Awan terenyak duduk di sebelah mangkuk Kacang polong.
“Apa yang kau obrolkan dengannya? Apa kau menyebut-nyebut Saloka?”
“Mungkin saja,” kata Permadi mengerutkan kening, berusaha mengingat-ingat. “Yeah... dia tanya aku kerja apa, dan kukatakan aku pengawas binatang liar di sini... Dia tanya-tanya sedikit tentang makhluk-makhluk apa yang kupelihara...  jadi kuceritakan... dan kubilang yang sebetulnya kuinginkan adalah naga...  dan  kemudian...  aku  tak  ingat  persis,  karena  dia terusterusan  belikan  aku  minum...  Coba kuingat...  yeah, kemudian dia bilang dia punya telur naga dan kami bisa main kartu dengan telur itu sebagai taruhannya kalau aku mau...  tapi dia harus yakin aku bisa rawat naganya, dia tak mau telur naganya jatuh ke rumah sembarangan. Jadi kubilang, setelah Jaladara, naga sih barang mudah...”
“Dan apakah dia, apakah dia kelihatannya tertarik pada Jaladara?” Awan bertanya, berusaha agar suaranya tetap tenang.
“Nah, yeah, ada berapa macan kepala tiga yang kautemui, bahkan di Saloka sekalipun?
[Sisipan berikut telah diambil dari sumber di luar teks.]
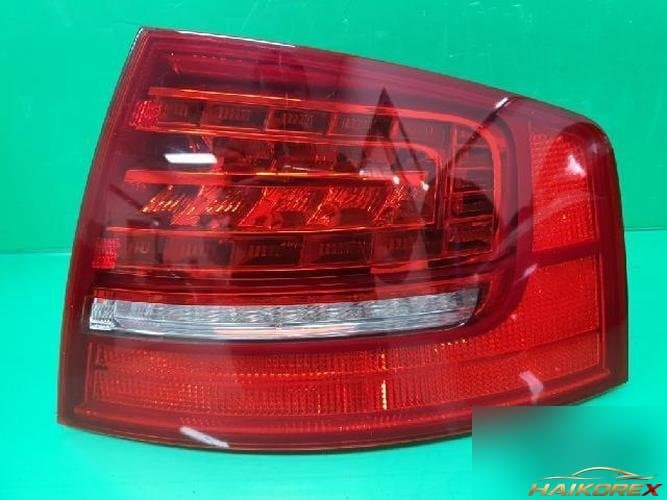 Audi A8 2010 — комбинированный фонарь задний правый 4E0 945 096 H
Jadi kuceritakan, Jaladara barang mudah kalau kau tahu cara menenangkan dia. Mainkan saja musik, maka dia akan langsung tertidur...”
Mendadak Permadi tampak ketakutan.
“Seharusnya tak kuceritakan pada kalian!” sergah Permadi.
“Lupakan saja apa yang barusan aku bilang! Hei! mau ke mana kalian?”
Awan, Man, dan Kirana sama sekali tidak saling bicara sampai mereka berhenti di Aula Depan, yang terasa sangat dingin dan suram dibanding lapangan di luar.
“Kita harus menemui Batara Giri,” kata Awan. “Permadi memberitahu orang asing itu cara melewati Jaladara, dan entah Saka atau Nagasura di bawah kerudung itu, pasti soal gampang, begitu dia berhasil membuat Permadi mabuk. Kuharap saja Batara Giri mempercayai kita. Eman mungkin mau mendukung kita kalau Banu tidak melarangnya. Di mana kantor Batara Giri?”
Mereka memandang berkeliling, seakan berharap melihat papan yang bisa menunjukkan arah yang benar. Mereka tak pernah diberitahu di mana Batara Giri tinggal, dan mereka pun belum pernah bertemu seseorang yang pernah pergi ke kediaman Batara Giri.
“Kita harus...,” Awan baru mulai berkata ketika mendadak terdengar suara dari seberang aula.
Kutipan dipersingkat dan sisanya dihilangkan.